- **INSTRUCTIONS FOR THE TASK**
When you reach the line containing "Beaded earrings Tassel", include it and stop; until then, return each line of the material exactly, starting with the first.

* * *

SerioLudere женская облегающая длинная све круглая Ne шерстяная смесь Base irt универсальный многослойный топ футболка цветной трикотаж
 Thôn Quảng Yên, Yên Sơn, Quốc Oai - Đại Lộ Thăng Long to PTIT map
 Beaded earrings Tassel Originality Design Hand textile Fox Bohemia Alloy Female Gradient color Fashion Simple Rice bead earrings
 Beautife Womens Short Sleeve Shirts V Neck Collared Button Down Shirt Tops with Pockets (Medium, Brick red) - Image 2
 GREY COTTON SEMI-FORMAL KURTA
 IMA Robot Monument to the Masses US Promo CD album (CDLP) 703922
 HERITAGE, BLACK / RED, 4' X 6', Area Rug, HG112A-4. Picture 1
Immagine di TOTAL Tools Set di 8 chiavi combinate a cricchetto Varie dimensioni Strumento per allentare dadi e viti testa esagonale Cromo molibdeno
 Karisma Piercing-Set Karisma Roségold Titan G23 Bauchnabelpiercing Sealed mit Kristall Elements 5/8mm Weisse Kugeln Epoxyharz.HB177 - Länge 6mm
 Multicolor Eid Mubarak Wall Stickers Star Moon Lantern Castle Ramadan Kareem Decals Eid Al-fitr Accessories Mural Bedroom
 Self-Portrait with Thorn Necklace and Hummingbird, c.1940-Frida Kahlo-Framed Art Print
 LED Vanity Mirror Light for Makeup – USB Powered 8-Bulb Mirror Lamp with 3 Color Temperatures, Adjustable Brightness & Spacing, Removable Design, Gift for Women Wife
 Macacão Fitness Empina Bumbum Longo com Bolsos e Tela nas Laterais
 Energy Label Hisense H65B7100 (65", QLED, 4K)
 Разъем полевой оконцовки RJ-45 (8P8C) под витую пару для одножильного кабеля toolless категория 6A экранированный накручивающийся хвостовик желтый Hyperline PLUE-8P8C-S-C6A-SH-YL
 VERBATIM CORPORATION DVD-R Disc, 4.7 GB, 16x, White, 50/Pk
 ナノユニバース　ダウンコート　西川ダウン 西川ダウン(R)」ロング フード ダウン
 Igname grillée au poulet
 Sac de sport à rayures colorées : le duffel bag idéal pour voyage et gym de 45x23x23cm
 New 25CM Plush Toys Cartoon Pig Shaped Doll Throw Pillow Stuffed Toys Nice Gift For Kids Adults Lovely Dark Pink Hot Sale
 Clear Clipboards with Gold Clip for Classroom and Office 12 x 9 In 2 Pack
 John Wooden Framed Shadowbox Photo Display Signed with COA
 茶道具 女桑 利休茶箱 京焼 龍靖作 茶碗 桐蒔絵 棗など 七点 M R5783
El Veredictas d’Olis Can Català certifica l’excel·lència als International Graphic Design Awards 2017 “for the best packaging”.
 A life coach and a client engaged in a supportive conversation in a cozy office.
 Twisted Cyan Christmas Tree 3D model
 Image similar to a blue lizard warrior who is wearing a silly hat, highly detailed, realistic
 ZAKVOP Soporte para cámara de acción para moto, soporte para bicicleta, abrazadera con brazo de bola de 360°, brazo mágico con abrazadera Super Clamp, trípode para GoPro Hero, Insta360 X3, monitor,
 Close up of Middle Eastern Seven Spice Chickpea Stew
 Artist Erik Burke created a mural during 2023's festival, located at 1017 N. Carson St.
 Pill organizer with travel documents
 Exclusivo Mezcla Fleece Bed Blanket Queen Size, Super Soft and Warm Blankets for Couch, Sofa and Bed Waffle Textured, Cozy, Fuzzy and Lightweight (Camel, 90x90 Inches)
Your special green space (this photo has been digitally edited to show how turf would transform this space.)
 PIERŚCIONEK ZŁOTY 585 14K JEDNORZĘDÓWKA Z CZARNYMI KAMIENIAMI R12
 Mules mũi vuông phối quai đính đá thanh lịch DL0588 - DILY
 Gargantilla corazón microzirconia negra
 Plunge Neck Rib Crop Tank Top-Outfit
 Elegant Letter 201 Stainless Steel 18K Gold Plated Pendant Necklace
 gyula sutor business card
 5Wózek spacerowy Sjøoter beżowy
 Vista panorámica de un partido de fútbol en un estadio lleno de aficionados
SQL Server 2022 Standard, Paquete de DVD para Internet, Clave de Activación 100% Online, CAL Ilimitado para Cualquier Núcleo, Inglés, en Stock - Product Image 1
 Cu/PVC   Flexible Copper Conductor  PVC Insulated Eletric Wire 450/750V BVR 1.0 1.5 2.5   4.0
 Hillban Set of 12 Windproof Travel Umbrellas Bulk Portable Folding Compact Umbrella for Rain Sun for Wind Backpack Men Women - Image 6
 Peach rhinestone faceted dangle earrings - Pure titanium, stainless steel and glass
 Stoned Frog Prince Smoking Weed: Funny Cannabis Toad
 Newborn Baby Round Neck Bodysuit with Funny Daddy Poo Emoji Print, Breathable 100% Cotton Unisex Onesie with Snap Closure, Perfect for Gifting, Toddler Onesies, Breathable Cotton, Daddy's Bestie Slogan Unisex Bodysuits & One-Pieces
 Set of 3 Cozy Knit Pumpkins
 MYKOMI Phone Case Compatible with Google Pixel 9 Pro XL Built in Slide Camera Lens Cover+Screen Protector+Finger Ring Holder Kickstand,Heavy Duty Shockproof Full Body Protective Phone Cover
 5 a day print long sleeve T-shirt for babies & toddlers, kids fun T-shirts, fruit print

* * *

- **RESPONSE FOR THIS EXERCISE**
SerioLudere женская облегающая длинная све круглая Ne шерстяная смесь Base irt универсальный многослойный топ футболка цветной трикотаж
 Thôn Quảng Yên, Yên Sơn, Quốc Oai - Đại Lộ Thăng Long to PTIT map
 Beaded earrings Tassel Originality Design Hand textile Fox Bohemia Alloy Female Gradient color Fashion Simple Rice bead earrings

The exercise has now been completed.